WHAT IS BEING ASKED –
The expected response is the full listing, retyped exactly, without its images.

DATA PROVIDED –

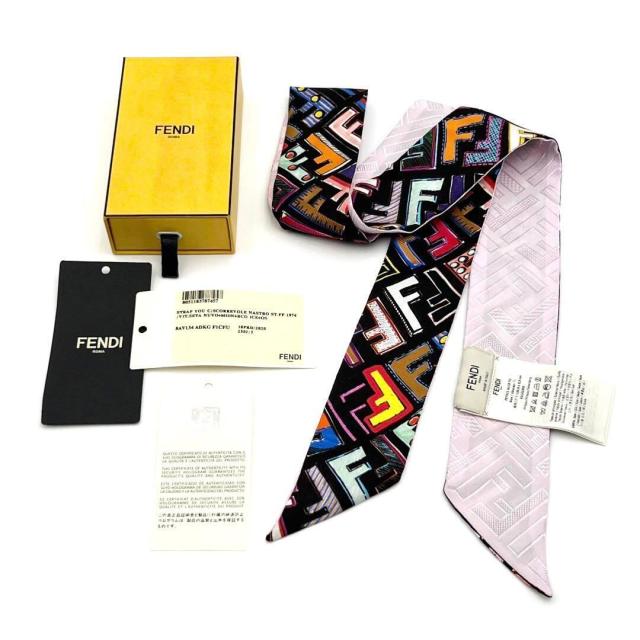 フェンディ FENDI ラッピー 総柄 バンドースカーフ スカーフ シルク  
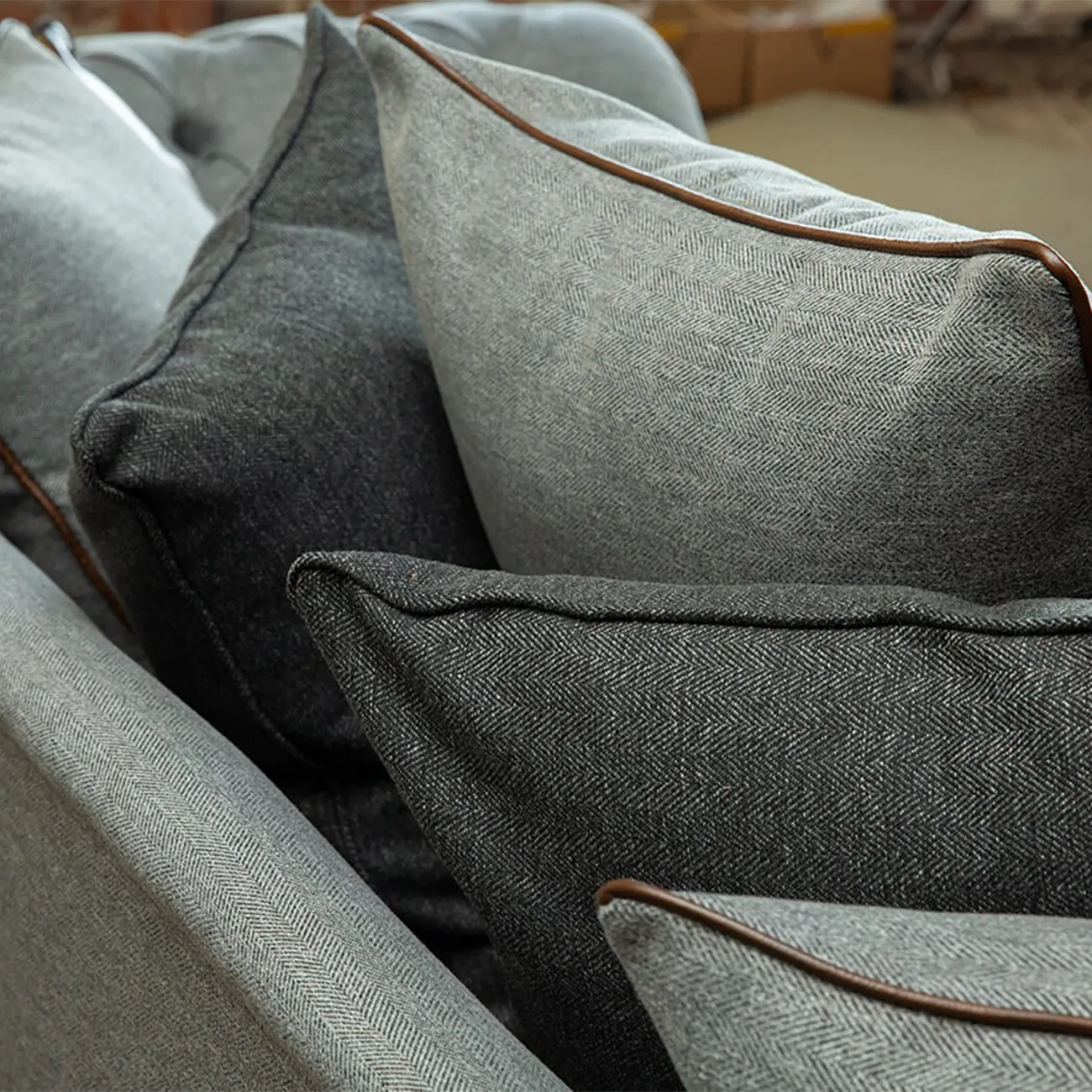 Herringbone Wool Scatter Back Chesterfield Sofa with Antique Tan Leather
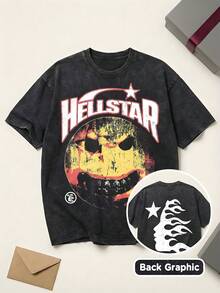Hell Star Men's Black And Grey T-Shirt Hell Star Graphic Tee Cotton Shirt Unisex Couple Matching Boyfriend Style Double Sided Print Back Flame Face Graphic Distressed Happy Face Acid Washed Grunge Y2K Retro 90s Streetwear Summer Outfits Graphic Tees Men Oversized T Shirt Summer Clothes Men Fall Clothes Men Winter Clothes - 黑色 - 查看 1
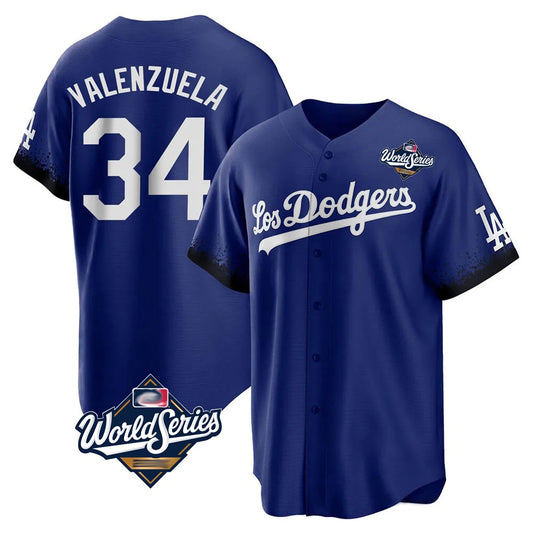 Los Angeles Dodgers #34 Fernando Valenzuela Player Royal RONA World Series City Connect Home Game Stitched Jerseys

TASK RESULT –
 フェンディ FENDI ラッピー 総柄 バンドースカーフ スカーフ シルク  
 Herringbone Wool Scatter Back Chesterfield Sofa with Antique Tan Leather
Hell Star Men's Black And Grey T-Shirt Hell Star Graphic Tee Cotton Shirt Unisex Couple Matching Boyfriend Style Double Sided Print Back Flame Face Graphic Distressed Happy Face Acid Washed Grunge Y2K Retro 90s Streetwear Summer Outfits Graphic Tees Men Oversized T Shirt Summer Clothes Men Fall Clothes Men Winter Clothes - 黑色 - 查看 1
 Los Angeles Dodgers #34 Fernando Valenzuela Player Royal RONA World Series City Connect Home Game Stitched Jerseys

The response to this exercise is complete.